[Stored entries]
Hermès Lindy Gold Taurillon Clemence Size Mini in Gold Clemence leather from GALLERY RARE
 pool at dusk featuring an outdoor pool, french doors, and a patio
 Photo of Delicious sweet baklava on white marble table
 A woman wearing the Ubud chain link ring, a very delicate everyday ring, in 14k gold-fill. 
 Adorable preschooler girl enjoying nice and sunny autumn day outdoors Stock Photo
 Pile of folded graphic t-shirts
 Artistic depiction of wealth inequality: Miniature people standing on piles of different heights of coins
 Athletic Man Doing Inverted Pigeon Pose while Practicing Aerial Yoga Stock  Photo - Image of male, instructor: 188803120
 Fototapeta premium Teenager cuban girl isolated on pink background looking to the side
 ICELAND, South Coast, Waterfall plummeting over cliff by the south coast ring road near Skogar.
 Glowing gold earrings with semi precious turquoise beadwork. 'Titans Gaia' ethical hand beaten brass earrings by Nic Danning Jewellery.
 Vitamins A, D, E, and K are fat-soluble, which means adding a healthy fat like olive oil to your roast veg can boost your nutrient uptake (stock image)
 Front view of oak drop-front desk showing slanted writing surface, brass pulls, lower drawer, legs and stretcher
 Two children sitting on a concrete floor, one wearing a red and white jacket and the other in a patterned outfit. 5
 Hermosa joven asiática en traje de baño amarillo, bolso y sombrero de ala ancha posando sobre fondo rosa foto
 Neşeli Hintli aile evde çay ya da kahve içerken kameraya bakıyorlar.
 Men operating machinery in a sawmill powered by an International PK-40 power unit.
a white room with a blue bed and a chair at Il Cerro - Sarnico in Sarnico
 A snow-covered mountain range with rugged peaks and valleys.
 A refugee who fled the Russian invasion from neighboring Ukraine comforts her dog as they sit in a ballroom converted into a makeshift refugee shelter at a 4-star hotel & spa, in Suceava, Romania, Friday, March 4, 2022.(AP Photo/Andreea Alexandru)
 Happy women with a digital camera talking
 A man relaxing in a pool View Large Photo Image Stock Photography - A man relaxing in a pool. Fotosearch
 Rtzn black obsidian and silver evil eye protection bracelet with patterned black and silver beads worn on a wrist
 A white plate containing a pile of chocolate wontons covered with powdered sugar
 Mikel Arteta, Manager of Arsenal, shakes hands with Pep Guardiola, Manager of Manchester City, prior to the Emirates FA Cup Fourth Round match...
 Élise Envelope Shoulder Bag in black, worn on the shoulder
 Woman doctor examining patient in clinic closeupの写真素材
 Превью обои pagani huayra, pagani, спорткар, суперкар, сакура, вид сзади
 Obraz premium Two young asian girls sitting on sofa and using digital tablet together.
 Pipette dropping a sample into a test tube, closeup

▸ **To do**: Please count the lines above containing "from"; number only.

▸ **Answer section**: 2